Finis Terræ
Por Santiago Gómez Fernández | 5 de marzo de 2018
Una franja de sangre en un dedo tajado y el mar que mantiene remotas las islas en un archipiélago son, en Finis Terræ (1929), ejemplos de las distancias que separan una totalidad en partes, líneas de profundidades variables que surgen con y definen la (des)unión. Como los cortes que alejan y emparentan los planos fijos que le dan forma, la docuficción silente de Jean Epstein encuentra en la disyunción, paradójicamente, la posibilidad de su ensamblaje.
La más notable pauta de este juego entre unir y desunir –y la única e injusta razón por la que los historiadores recuerdan el filme– es presentada con el intertítulo inicial de la cinta. El texto explica que la historia que será presentada es el recuento de eventos reales interpretado por personas que habitan los lugares donde los hechos ocurrieron. De esta manera y sin rodeos, Epstein (Varsovia, 1897-París, 1953) deja claro que lo que veremos es una reconciliación entre elementos dramáticos y verídicos. Restando importancia a qué es qué, las diferencias son borradas, y lo único que podemos afirmar con certeza es que lo que transcurrirá en pantalla es un relato: imágenes en movimiento unidas por una idea.

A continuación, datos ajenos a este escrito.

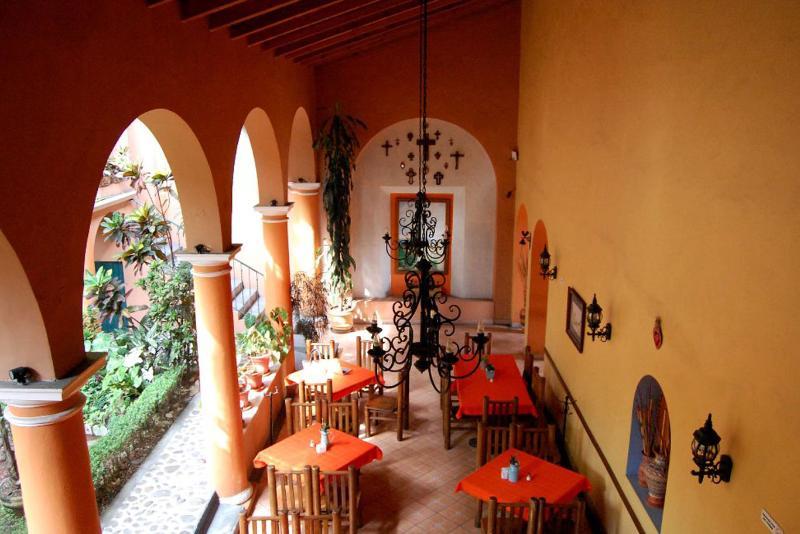 Hotel Posada San Jeronimo Коатепек Екстериор снимка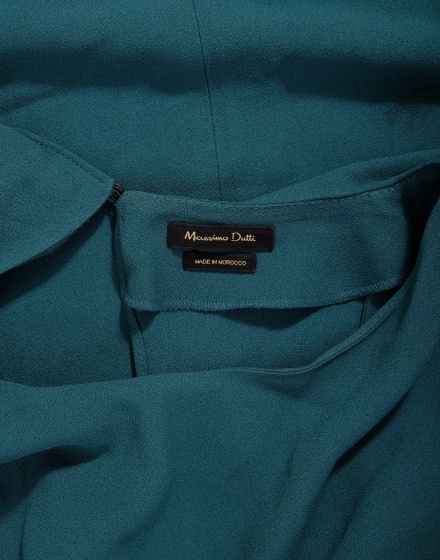 Дамска рокля Massimo Dutti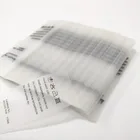 Heat Transfer Label Printing Label Heat Transfer Machine Swimwear Nylon Satin Wash Care Label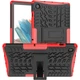 Чехол Armor Case для Samsung Galaxy Tab A8 10.5 2021 (X200 / X205) Red - изображение 1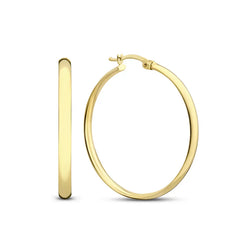 Noa - Gold Serane Earrings
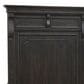Chapel Hill Hickory Creek King Storage Bed, , large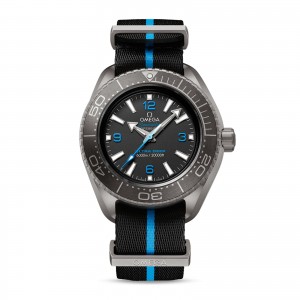 Omega seamaster planet ocean ultra deep 6000m koaxial master chronometer 45.5mm herrenuhr schwarz O21592462101001
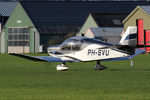 PH-SVU @ EHMZ - at ehmz - by Ronald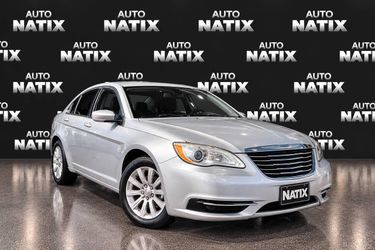 2012 Chrysler 200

El conflicto es sencillo. Uno de los cuatro pescadores que se encuentran en la desértica isla de Bannec –perdida en el archipiélago bretón de Molène– se corta el pulgar con los vidrios de una botella rota y por medio de esta herida contrae una letal infección sanguínea. Su malestar y una acusación infundada por una navaja perdida llevan al resto del grupo a segregarlo, encerrándolo en una cueva. Tras hallar el objeto extraviado, el acusador perdona al convaleciente e intenta navegar por las difíciles aguas para llevarlo de vuelta a casa y brindarle atención médica. En otra isla del archipiélago, las enemistadas madres de estos dos pescadores comienzan a preocuparse por sus hijos y coordinan una embarcación de hombres que vayan a su rescate. Al igual que Epstein borra la distancia que separa la ficción y lo documental, los personajes que vemos en el primer y segundo tercio del metraje, respectivamente, enfrentan las mortales corrientes marítimas que los mantienen separados. Acción impensable sin un perdón previo, sin soldar las distancias emocionales.
Pero estos personajes de rostros y vestiduras descomunales enfrentan más que el espacio que los aleja. Por el modo intercortado en el que la narrativa esta construida, yendo de una isla a otra y de un barco a otro, la lucha de estos sujetos es también una contra el tiempo, es decir, una lucha meramente cinematográfica. Ambas embarcaciones, desde sus tomas respectivas, se esfuerzan en vencer el tiempo infeccioso de la cinta, el tiempo vital que se le escapa al pescador envenenado.
En su último tercio, esperanzador como el faro de luz que recurrentemente es retratado al estilo surrealista de un Epstein previo y como el doctor que va a donde sea que haya un enfermo, la conjugación de imágenes y trama logran una dialéctica que enaltece el valor de la vida humana por encima de los rencores y empapa de significado los cortes con los que disminuyen las distancias espaciales y temporales. Con las heridas cerradas, los océanos cruzados y el perdón, Finis Terræ es una celebración de la época en la que el cine buscaba, antes que nada, hermanar: unir con su desunión inmanente.
Santiago Gómez Fernández estudia Comunicación en la Universidad Iberoamericana y forma parte del equipo de redacción de Icónica.